Lara telah melanjutkan hidupnya.
Dan ia tidak.
Renatra keluar dari kafe itu dengan langkah berat. Ia berjalan tanpa tujuan, membiarkan kakinya membawa tubuhnya yang terasa kosong.
Kenyataan ini bukan sesuatu yang baru. Sejak lama, ia tahu bahwa Lara telah pergi. Tapi baru kali ini, ia benar-benar melihatnya dalam bentuk yang paling nyata.
Bukan hanya pergi.
Lara sudah jauh.
Dan dia tidak pernah menoleh ke belakang.
Renatra berhenti di depan jembatan kecil yang membentang di atas sungai kota. Air mengalir perlahan di bawahnya, membawa daun-daun kering yang jatuh dari pohon.
Tiba-tiba, ia teringat sesuatu yang pernah Lara katakan di taman itu.
“Kamu tahu, Ren? Aku ingin hidup kita kayak daun yang jatuh di sungai. Mengalir tanpa melawan.”
Dulu, ia tidak paham maksudnya.
Sekarang, ia mengerti.
Tapi memahami sesuatu tidak sama dengan menerimanya.
Renatra menatap bayangannya di permukaan air yang bergetar.
Lara adalah sungai yang terus mengalir, bergerak maju tanpa melihat ke belakang.
Dan dia?
Dia masih batu di dasar sungai.
Terjebak. Tidak bergerak.
Hanya bisa menyaksikan semuanya berlalu di depannya.
Kepedihan yang Tak Terucap
Malam datang lebih lambat dari biasanya, atau mungkin hanya terasa begitu bagi Renatra. Langkahnya berat saat ia kembali ke apartemen, membiarkan pintu tertutup tanpa niat menguncinya. Ruangan itu terasa lebih sepi dari sebelumnya, meskipun sebenarnya tidak ada yang berubah.
Hanya dia.
Hanya hatinya.
Lara sudah melanjutkan hidupnya.
Sementara ia masih terjebak dalam ingatan yang seharusnya sudah mati sejak lama.
Ponselnya bergetar.
Raka.
Renatra tidak ingin mengangkatnya. Tapi setelah panggilan ketiga, ia menyerah.
“Apa?” suaranya terdengar serak.
“Kamu di mana?”
“Di rumah.”
“Aku ke sana.”
Raka tidak menunggu jawaban sebelum menutup telepon.
Renatra menghempaskan dirinya ke sofa, menatap langit-langit yang sama yang sudah ia lihat ratusan kali. Ada sesuatu yang mengganjal di dadanya—sesuatu yang tidak bisa ia keluarkan, tidak bisa ia hapus, tidak bisa ia terima.
Sial. Kenapa masih sakit?
Kenapa semuanya masih terasa salah?
Kenapa, meski ia tahu ini kenyataan, hatinya tetap menolak percaya?
Sepuluh menit kemudian, Raka sudah di depan pintu dengan wajah yang penuh dengan sesuatu yang mirip keprihatinan.
Tanpa berkata apa-apa, ia masuk, duduk di kursi, lalu menatap Renatra lama.
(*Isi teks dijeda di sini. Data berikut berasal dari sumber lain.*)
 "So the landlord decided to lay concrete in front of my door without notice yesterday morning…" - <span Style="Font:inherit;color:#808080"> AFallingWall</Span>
“Apa yang kamu lihat tadi?” tanyanya akhirnya.
Renatra tidak menjawab.
Raka menghela napas. “Aku tahu kamu pergi ke kafe itu, Ren. Aku juga tahu apa yang kamu lihat.”
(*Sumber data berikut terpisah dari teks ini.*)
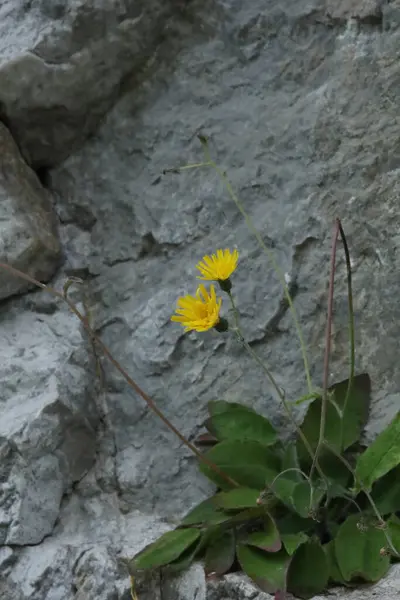Kayalık bir uçurumdan gri bir arka planda büyüyen iki sarı kır çiçeğinin yakın çekimi..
Renatra mendengus kecil. “Kalau kamu sudah tahu, kenapa masih nanya?”
“Karena aku pengen dengar langsung dari kamu.”
Renatra terdiam lama. Lalu akhirnya, dengan suara nyaris tak terdengar, ia mengucapkan sesuatu yang bahkan sulit ia akui pada dirinya sendiri.
“Aku nggak bisa.”
“Nggak bisa apa?”
Renatra menatap ke arah jendela yang gelap. “Nggak bisa ikhlas.”
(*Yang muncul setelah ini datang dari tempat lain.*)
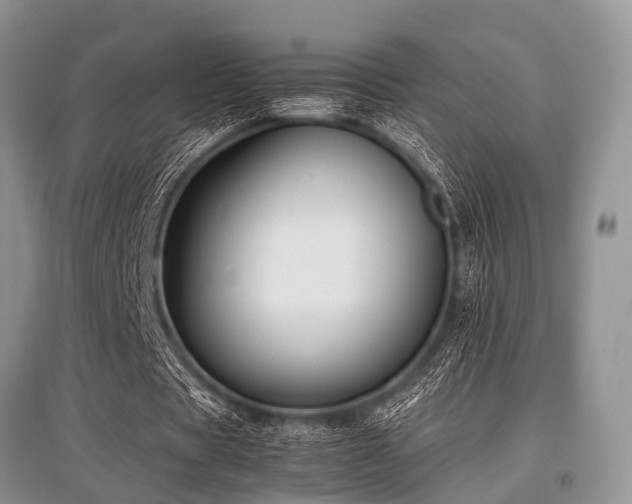 X0000097880529200803141322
Keheningan menyelimuti mereka.
Raka menatapnya dengan mata yang sulit ditebak. “Kenapa?”
Renatra mengusap wajahnya dengan kasar. “Karena semua orang selalu bilang kalau ini gampang. Semua orang selalu bilang kalau aku cuma perlu merelakan, move on, cari yang baru. Seakan ini cuma soal menekan tombol dan semuanya beres.”
Raka tidak menyela.
“Tapi kenyataannya nggak kayak gitu. Aku bangun setiap hari dengan kepala yang masih dipenuhi dia. Aku lihat sesuatu yang dulu dia suka, dan rasanya kayak dihantam palu di dada. Aku bahkan masih denger suara dia di kepalaku setiap kali aku sendirian. Dan aku benci itu.”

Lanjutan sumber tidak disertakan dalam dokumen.